"dave sanderson" wrote in message news: snipped-for-privacy@p77g2000hsh.googlegroups.com... Evening all, a bit of background, my current measuring tools are: A Dial Gauge, which whilst cheap (draper 0.001") has done the job til now. A very cosseted Moore and Wright 0-1" 0.001" Mike, which was my fathers, A secondhand Mitutoyo 0-1" 0.0001" Mike, which seems to agree with the M&W on the few things Ive checked on (I have no gauge blocks)
I am designing a spindle and ancillaries, and will have to do some pretty close tolerance boring, turning, dovetail aligning, and repositioning of parts, for instance according to the bearing manual the bearing bores/shaft need to be -0 to +0.0003" for the external races, and +0 to -0.0001 for the shaft, and Im pretty sure I wont be able to turn all things in a single setting, so resetting to a tenth or less might be important (impossible?). Apart from the fact Im not sure that Im up to the job the only tool I have that measures tenths is the mitutoyo 0-1" mike. Not the most useful tool for internal bores 30mm in diameter... What measuring tools should I look at getting (not all at once, as the budget is limited, and I understand that you get what you pay for)? I can see a DTI in 0.0001 resolution would be useful for this and other jobs and would be approx £50, so that I can justify, especially given the use my Dial Gauge currently gets.

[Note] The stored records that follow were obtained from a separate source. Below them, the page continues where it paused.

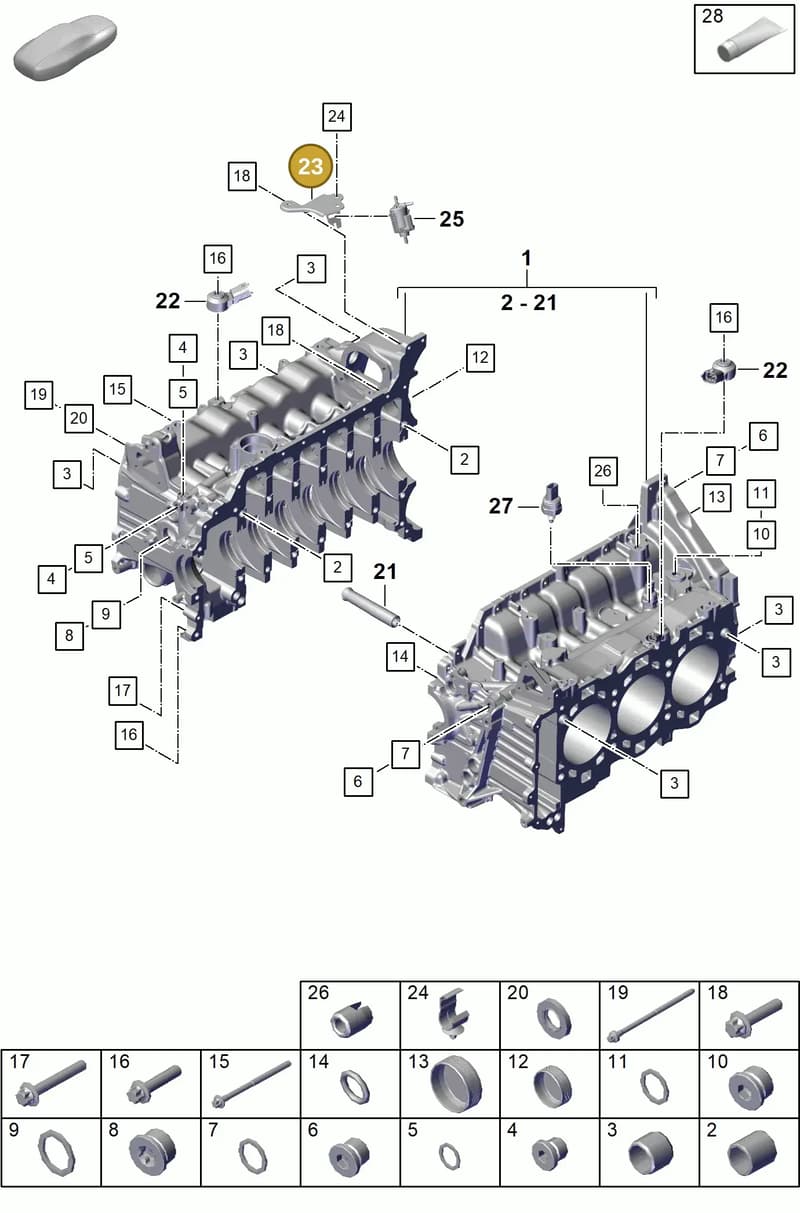 0PB131564 — Porsche Boxster Spyder (2019-2020) diagram p55101105, position 23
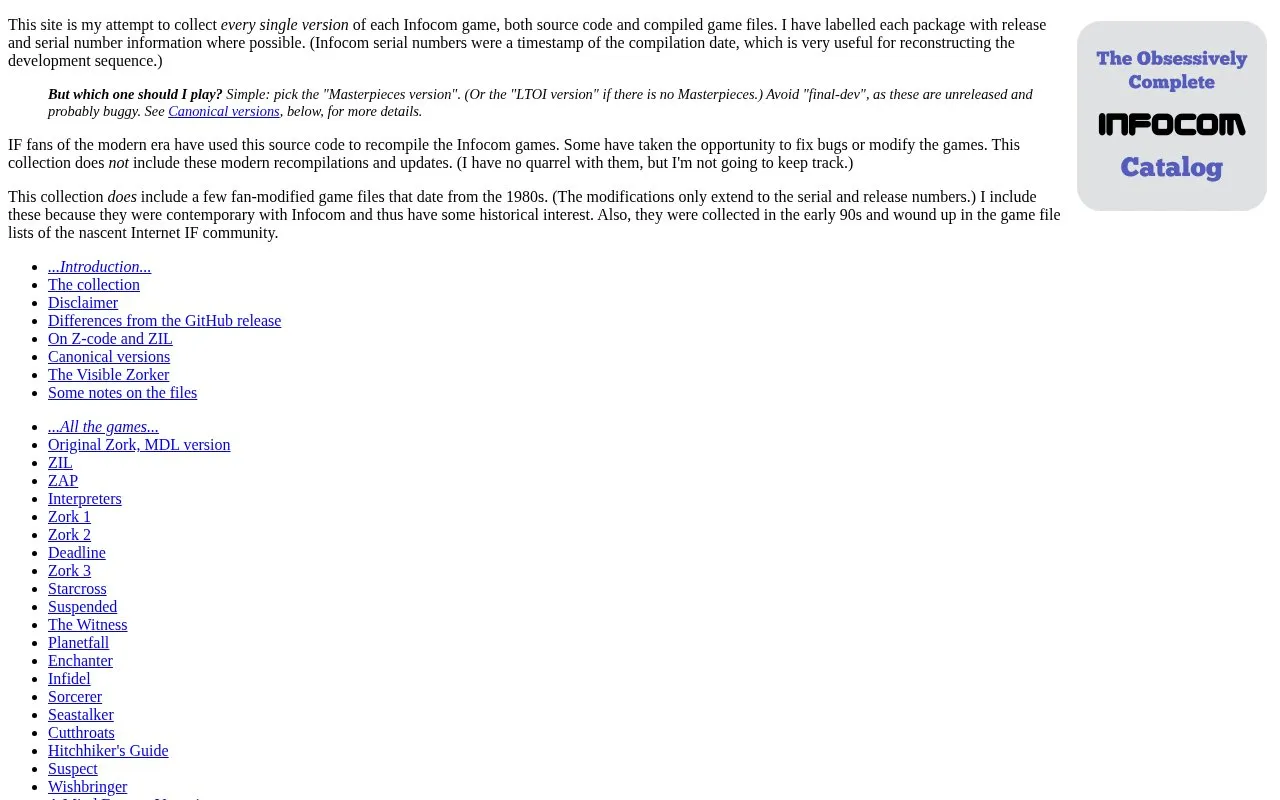Obsessively Complete Infocom Catalog homepage screenshot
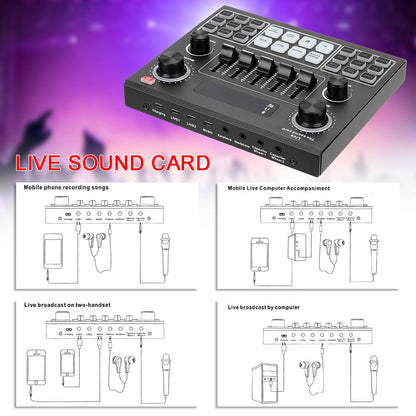 Version anglaise V9 Mobile Phone Live Sound Card Set K Song avec carte son Bluetooth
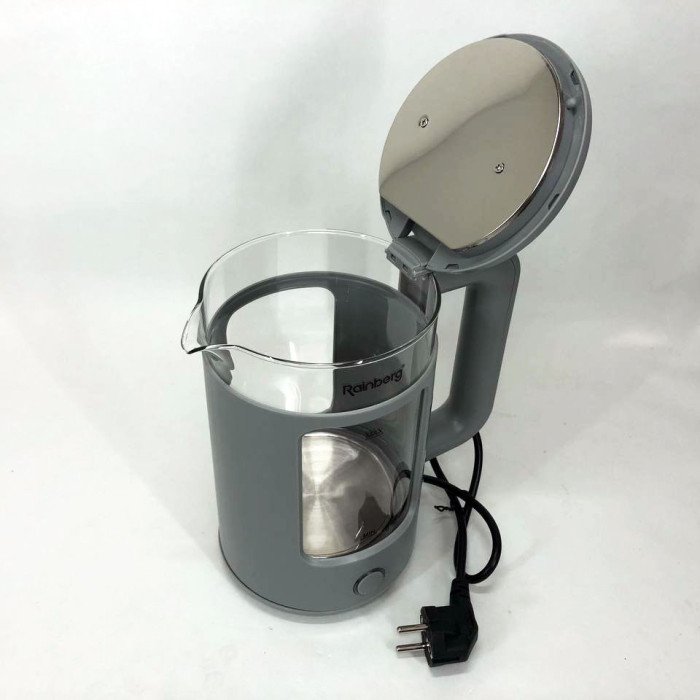 Електрочайник Rainberg RB-2220 скляний дисковий прозорий. Чайник із підсвічуванням 2200W. Колір: сірий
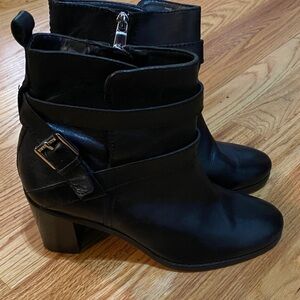Lauren Ralph Lauren Black Ankle Booties with Buckle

I suspect a bore mike would be needed? these look expensive. Any others? Is there any point in getting a 0.00005" resolution DTI?
Tolerances down to a tenth or two require such careful control of temperature that the only way you're going to achieve them repeatably is in a metrology lab with precision calibrated equipment. A 1" steel shaft will expand by just over a tenth for every 10 degrees C. The heat you generate during machining can alter the size by several times this amount. You need copious coolant and then some settling time before you can even measure things to this degree of accuracy.
One of my regular tasks is polishing new bronze valve guides down to the correct size to fit in the valve guide bore in the cylinder head. New guides come with about 1 thou extra on the diameter to cope with worn bores but most heads don't have worn bores. Stick a guide on the lathe and start polishing it down with 80 grit and it expands with the heat generated at about the same rate as you remove material. You polish away for a bit, measure, get down to about target size, wander away for a smoke and by the time you come back the bloody thing's cooled down and shrunk half a thou and is now too small. So what you actually do is get the first half thou off, let it cool for an hour, measure again, take another gnat's c*ck off and proceed in every decreasing circles until you get close to what you want. Even with hand polishing it's hard to work to a tenth. 3 tenths maybe is not so big a deal.
Same thing happens when honing out cylinder bores. The heat generated expands the block so you think you've hit target size and then next day when you measure again it's still half a thou small. The difference in size between summer and winter, say 25C, equates to over a thou on an 85mm bore in a cast iron block. You can double that for aluminium.
So there's really no point in buying measuring equipment calibrated to finer levels than you can actually work to or that the job needs. I can't believe any shaft/bearing needs making to a tenth or it'll stop working. A mike reading in thous can be interpolated to a couple of tenths by eye and one with a tenth of a thou vernier just ain't going to repeat to that every time anyway. Hold the mike in your hand for too long and it'll expand and read wrong by a tenth. Hold the workpiece for a while and the same thing will happen.
Yes you need a decent bore gauge if you're going to try and makes bores to some reasonable level of accuracy but you aren't going to be able to work to a tenth at the best of times. If you can make anything to three tenths you've done very well.